The magnitude of the moment seemed to charge up Dave Miley as much as any championship he’s won as a minor league manager.
So he lost that super-cool, even-keeled demeanor for a little while.
He spoke of his family, showed some emotion, shared his feelings.
“I don’t know if the word’s astonished,” Miley said. “To be still managing and getting this award really makes it special for me.”
He’s not only the Scranton/Wilkes-Barre RailRiders manager, he’s a Hall of Fame manager now.
Miley, who took Scranton/Wilkes-Barre to the only Governors’ Cup championship in franchise history in 2008 and won more minor league games than any other active manager except one, was officially inducted into the International League Hall of Fame at PNC Field on Saturday night.
That made Miley the first Scranton/Wilkes-Barre representative in the franchise’s 25-year history to go into the International League Hall, although former Scranton/Wilkes-Barre Red Barons slugger Jeff Manto will soon join him when he’s inducted Aug. 13 in Buffalo.

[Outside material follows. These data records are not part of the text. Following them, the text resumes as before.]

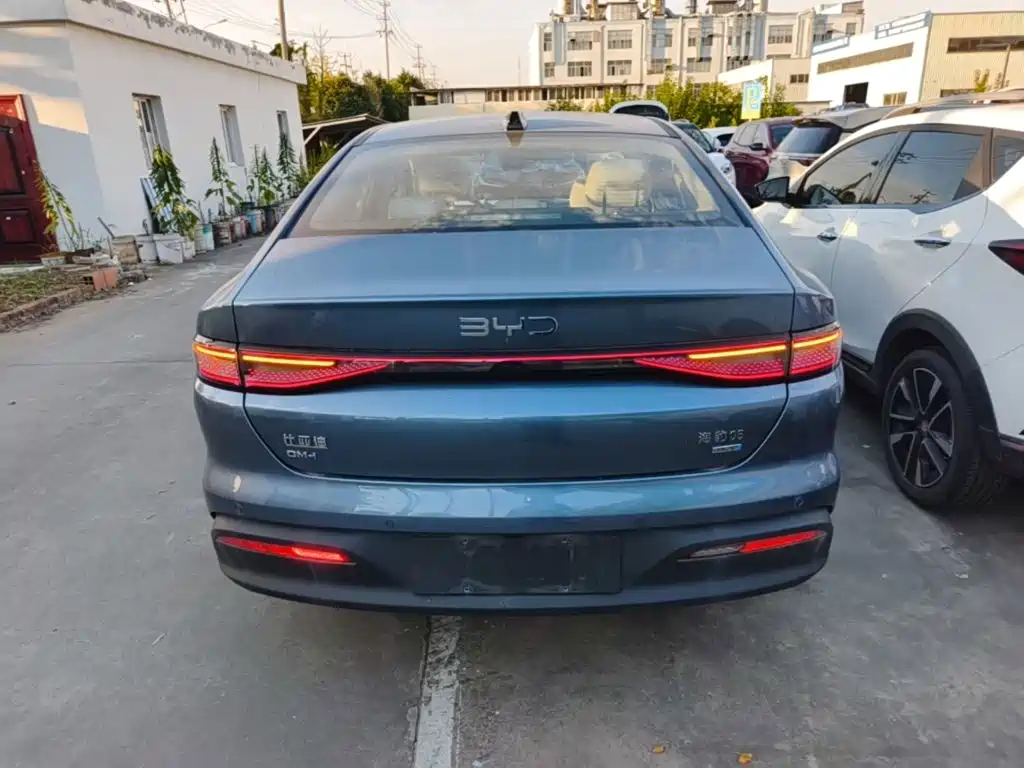 BYD Seal 05 DM-i — фото 6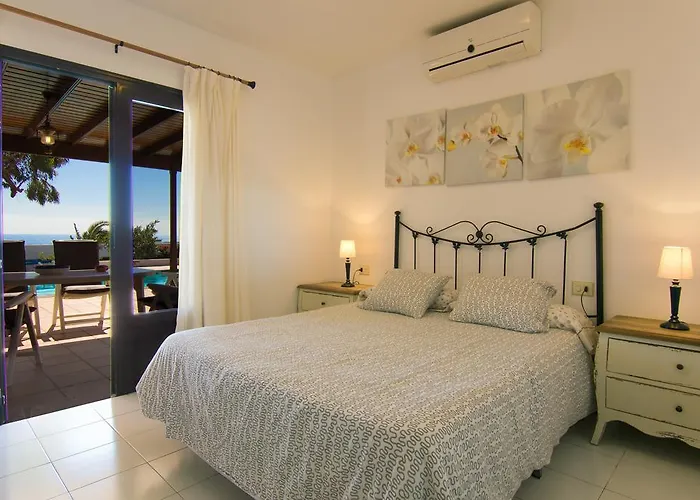 Villa Corona 빌라 *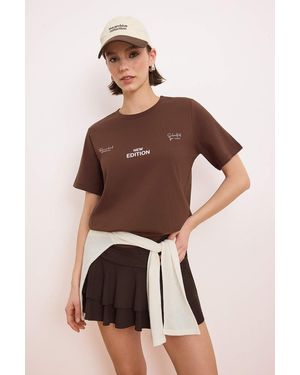 Trendyol T-Shirt - Braun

“To be the first one of all the players and managers who came through here - a lot of them are still playing in the big leagues now - a lot of tremendous players and managers, Marc Bombard, it really makes it extra special that I’m the first one,” Miley said.

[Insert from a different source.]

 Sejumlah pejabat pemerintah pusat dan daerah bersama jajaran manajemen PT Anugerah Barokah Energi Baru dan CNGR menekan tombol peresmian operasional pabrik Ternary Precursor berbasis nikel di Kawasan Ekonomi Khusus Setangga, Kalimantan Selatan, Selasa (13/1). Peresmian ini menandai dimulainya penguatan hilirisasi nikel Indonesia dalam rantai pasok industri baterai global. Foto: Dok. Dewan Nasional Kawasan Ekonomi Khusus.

He’ll also be the last one to wear a No. 11 Scranton/Wilkes-Barre uniform.
“We’re putting it up on the outfield wall,” shouted RailRiders president and general manager Rob Crane during a pregame induction ceremony Saturday, and sure enough, a blue covering was pulled away to unveil Miley’s No. 11 hanging next to Greg Legg’s No. 14 on the center field wall.

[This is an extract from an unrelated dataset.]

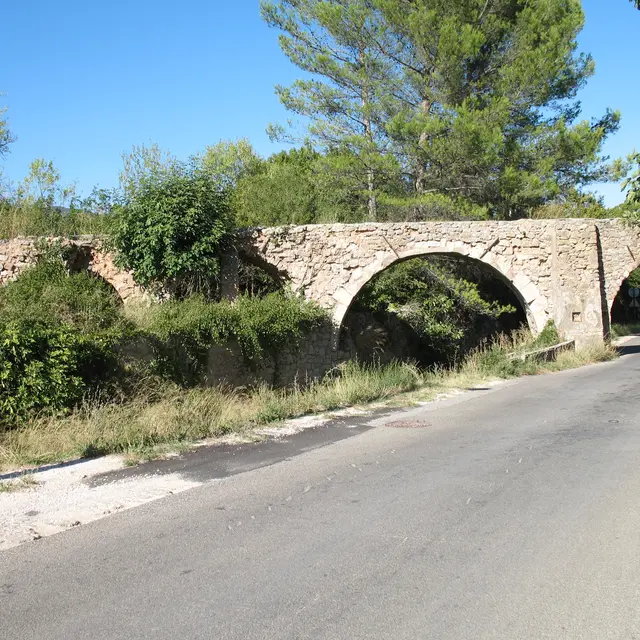 Aqueduc des Cinq Ponts Cuers
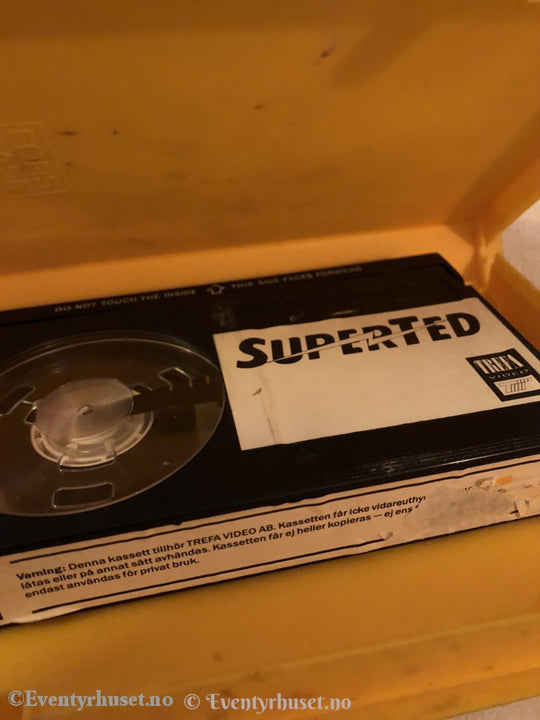 Superted. Beta Film.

“It’s only fitting,” Crane continued, “that no one else in Scranton/Wilkes-Barre baseball history will ever wear the number 11.”
A guy who knows a few things about retiring numbers in the New York Yankees organization stopped by the celebration.
And Yankees general manager Brian Cashman wasn’t shooting confetti when he spoke of Miley reaching new stratospheres as New York’s Triple-A manager.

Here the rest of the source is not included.